My favorite braies and shirts are made of 2.5 to 3 oz. linen. The biggest problem with
finding the right linen is not the weight, but the tightness of weave. A lot of modern
linens, especially the lower priced ones get a light weight by making a weave with not very
many threads to the inch, and the thread is kind of coarse. This makes a sheer look and
isn't very strong, fine for gauzy curtains but it won't hold up to the kind of strain clothing
gets. The best is fabric made of a *lot* of very fine threads, tightly woven together. You
want a "thread count" of 160 or more, over 200 if you can get it (that's the number of
threads per inch each way added together). Still light, but denser and strong.

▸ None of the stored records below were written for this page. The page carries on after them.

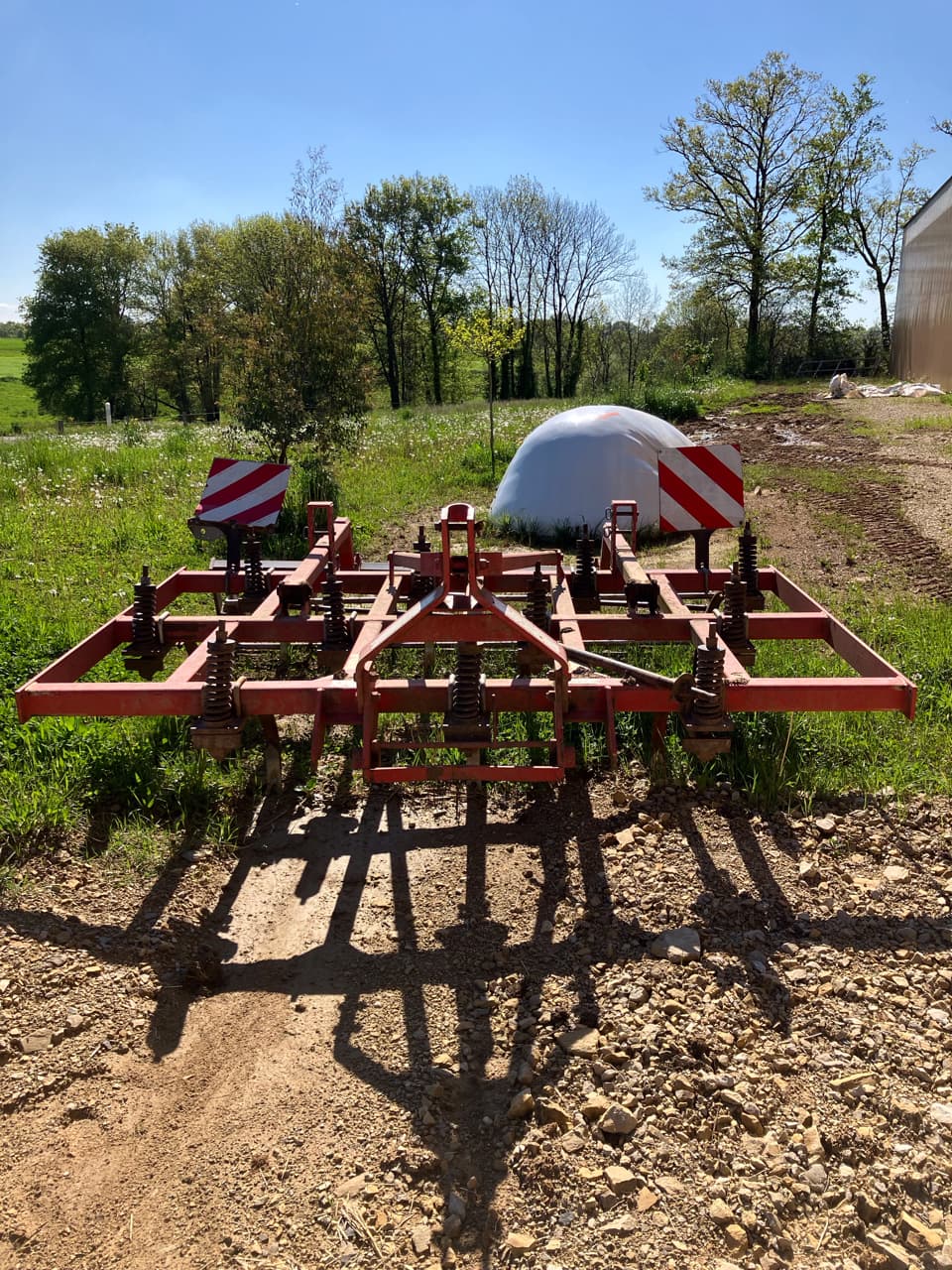 6a301996434821ea29941f81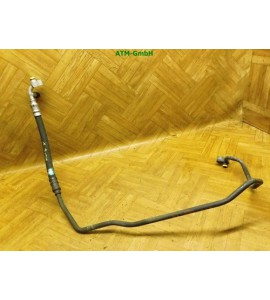 Klimaleitung Leitung BMW 3 3er E46 manuli 64.53-8386845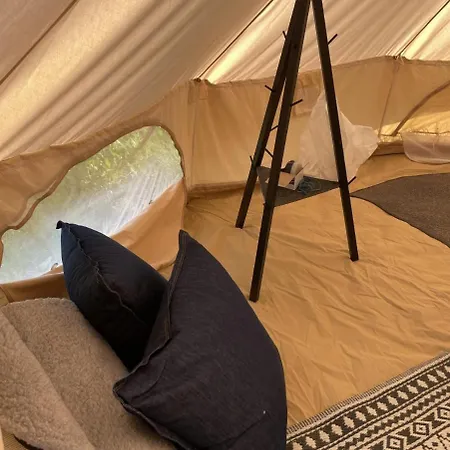 Itaerajan Helmi Vakantieboerderij Tohmajärvi
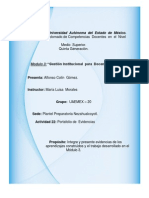 76395042-Portafolio-Modulo-3-PROFORDEMS.pdf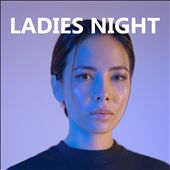 Ladies Night [2020]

> Also, as for the color, I understand that historically, underclothes
> were white or at least white-ish. What color would that translate into
> with respect to our modern fabric choices? Is natural o.k. or is that
> too brownish for a Lord, or am I way off base? Did our ancestors have
> bleach? And isn't bleach damaging to flax linen?
Bleach (chlorine) won't do linen nearly as much harm as it will wool or silk (which will
dissolve...), but it has to be diluted in a lot of water before it touches the fabric. The
other kind, (peroxide) can be used safely. "Natural" covers a lot of territory. I've bought
truly "greige" (right off the loom with no processing) linen which is dark grey/beige,
smells like grass, and gives off huge amounts of gooey brown gunk in the first wash
waters. I've also bought linen described as "natural" which was a light, creamy colour and
would be just fine for high-class underwear. It takes about a summer's worth of laying
grey linen that has had the brown goo boiled out of it on the grass in the sun (the *old*
way of bleaching linen) to get it white, keeping it wet and turning it over every day, so
that's pretty labour intensive. Sun-bleached linen isn't as strong as unbleached, but it's
plenty strong enough to last a hundred years of use or so. I have bed-sheets and table
cloths at least that old that I use regularly, but I don't put chlorine bleach on them, ever.
> That's a lot of questions . . .
Be careful what you ask for... 8-)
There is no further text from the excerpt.